Starting with the optimal values for the number of trees, we look at a plot of the Out-of-Bag error estimates as a function of the number of trees produced in the model. We see that OOB estimate (black line), more or less flatlines after about 100 trees, and so 500 as a default was over-kill for the model.
plot(glass_model_rf)
err <- glass_model_rf$err.rate
oob_err <- err[nrow(err), "OOB"]
par(xpd=TRUE)
legend(x = "top",
legend = colnames(err),
fill = 1:ncol(err))
Next, we can tune the number of predictors that are considered at each split. The default is to sqrt the number of predictors, in this case sqrt(9) is 3. Interestingly, the default value does not provide the lowest OOB error rate. We find instead that 2 would be preferable.
set.seed(1)
res <- tuneRF(x = subset(glass, select = -Type),
y = glass$Type,
ntreeTry = 500)
## mtry = 3 OOB error = 21.5%
## Searching left ...
## mtry = 2 OOB error = 19.63%
## 0.08695652 0.05
## mtry = 1 OOB error = 20.09%
## -0.02380952 0.05
## Searching right ...
## mtry = 6 OOB error = 21.5%
## -0.0952381 0.05
print(res)
## mtry OOBError
## 1.OOB 1 0.2009346
## 2.OOB 2 0.1962617
## 3.OOB 3 0.2149533
## 6.OOB 6 0.2149533
mtry_opt <- res[,"mtry"][which.min(res[,"OOBError"])]
print(mtry_opt)
## 2.OOB
## 2
Finally, just to see how this preforms - we can write an algorithm to tune the model generally for all the relevant hyperparameters.

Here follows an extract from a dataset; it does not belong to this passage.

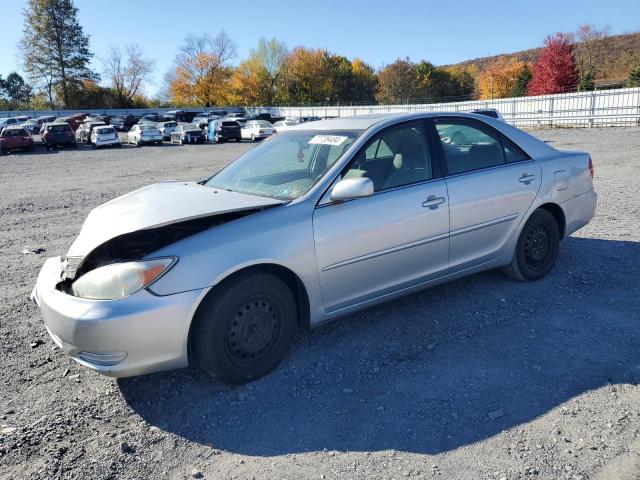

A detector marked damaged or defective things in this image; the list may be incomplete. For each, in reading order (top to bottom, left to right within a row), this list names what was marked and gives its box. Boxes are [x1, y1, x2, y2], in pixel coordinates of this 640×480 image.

damaged hood [67, 181, 282, 258]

mtry <- seq(2, ncol(glass) * 0.8, 2)
nodesize <- seq(3, 8, 2)
sampsize <- nrow(glass) * c(0.7, 0.8)
hyper_grid <- expand.grid(mtry = mtry, nodesize = nodesize, sampsize = sampsize)
oob_err <- c()
# Write a loop over the rows of hyper_grid to train the grid of models
for (i in 1:nrow(hyper_grid)) {
# Train a Random Forest model
model <- randomForest(formula = Type ~ .,
data = glass,
mtry = hyper_grid$mtry[i],
nodesize = hyper_grid$nodesize[i],
sampsize = hyper_grid$sampsize[i])
# Store OOB error for the model
oob_err[i] <- model$err.rate[nrow(model$err.rate), "OOB"]
}
# Identify optimal set of hyperparmeters based on OOB error
opt_i <- which.min(oob_err)
print(hyper_grid[opt_i,])
## mtry nodesize sampsize
## 1 2 3 149.8
The best parameters for the model? 2 variables considered for each split - the nodesize (tree depth) of 3 branches points at minimum, and a bootstrap sample size of 171.2.
set.seed(12306)
mtry <- hyper_grid[opt_i, "mtry"]
nodesize <- hyper_grid[opt_i, "nodesize"]

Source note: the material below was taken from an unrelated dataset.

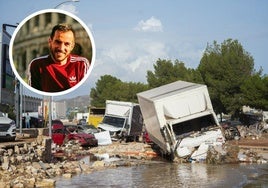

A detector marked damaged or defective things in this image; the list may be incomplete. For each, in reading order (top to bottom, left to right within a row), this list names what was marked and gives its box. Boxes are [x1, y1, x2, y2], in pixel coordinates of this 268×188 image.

overturned truck [138, 80, 224, 161]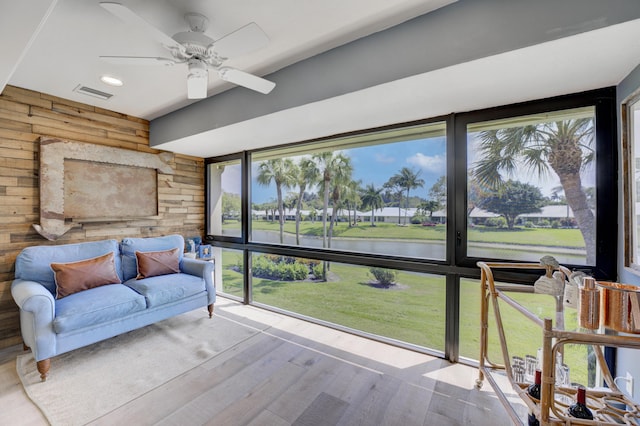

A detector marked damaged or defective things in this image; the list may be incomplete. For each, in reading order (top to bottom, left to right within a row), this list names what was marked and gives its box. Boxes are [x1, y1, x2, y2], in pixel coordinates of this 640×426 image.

rust throw pillow [51, 251, 121, 298]
rust throw pillow [135, 246, 180, 280]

sampsize <- hyper_grid[opt_i, "sampsize"]
glass_model_tuned <- randomForest(formula = Type ~ ., data = glass, mtry = mtry, nodesize = nodesize,
sampsize = sampsize)
## Warning in matrix(rfout$nodestatus, ncol = ntree): data length [150299] is
## not a sub-multiple or multiple of the number of rows [301]

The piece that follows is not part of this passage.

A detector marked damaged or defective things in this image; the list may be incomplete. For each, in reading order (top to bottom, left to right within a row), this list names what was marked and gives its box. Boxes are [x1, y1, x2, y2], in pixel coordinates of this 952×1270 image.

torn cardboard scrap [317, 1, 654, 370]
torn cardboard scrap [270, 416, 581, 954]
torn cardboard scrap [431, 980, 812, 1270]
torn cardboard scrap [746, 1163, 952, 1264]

## Warning in matrix(rfout$bestvar, ncol = ntree): data length [150299] is not
## a sub-multiple or multiple of the number of rows [301]
## Warning in matrix(rfout$nodepred, ncol = ntree): data length [150299] is
## not a sub-multiple or multiple of the number of rows [301]
## Warning in matrix(rfout$xbestsplit, ncol = ntree): data length [150299] is
## not a sub-multiple or multiple of the number of rows [301]
print(glass_model_tuned)
##
## Call:
## randomForest(formula = Type ~ ., data = glass, mtry = mtry, nodesize = nodesize, sampsize = sampsize)
## Type of random forest: classification
## Number of trees: 500
## No. of variables tried at each split: 2
##
## OOB estimate of error rate: 21.03%
## Confusion matrix:
## Building_Wind_Processed Building_Window_Non
## Building_Wind_Processed 62 7
## Building_Window_Non 11 62
## Vehicle_Wind_Processed 10 3
## Container 0 3
## Tableware 0 2
## Headlamps 1 3
## Vehicle_Wind_Processed Container Tableware
## Building_Wind_Processed 1 0 0
## Building_Window_Non 1 1 1
## Vehicle_Wind_Processed 4 0 0
## Container 0 9 0
## Tableware 0 0 7
## Headlamps 0 0 0
## Headlamps class.error
## Building_Wind_Processed 0 0.1142857
## Building_Window_Non 0 0.1842105
## Vehicle_Wind_Processed 0 0.7647059
## Container 1 0.3076923
## Tableware 0 0.2222222
## Headlamps 25 0.1379310
Tuning the model seemed to increase the error rate - weird!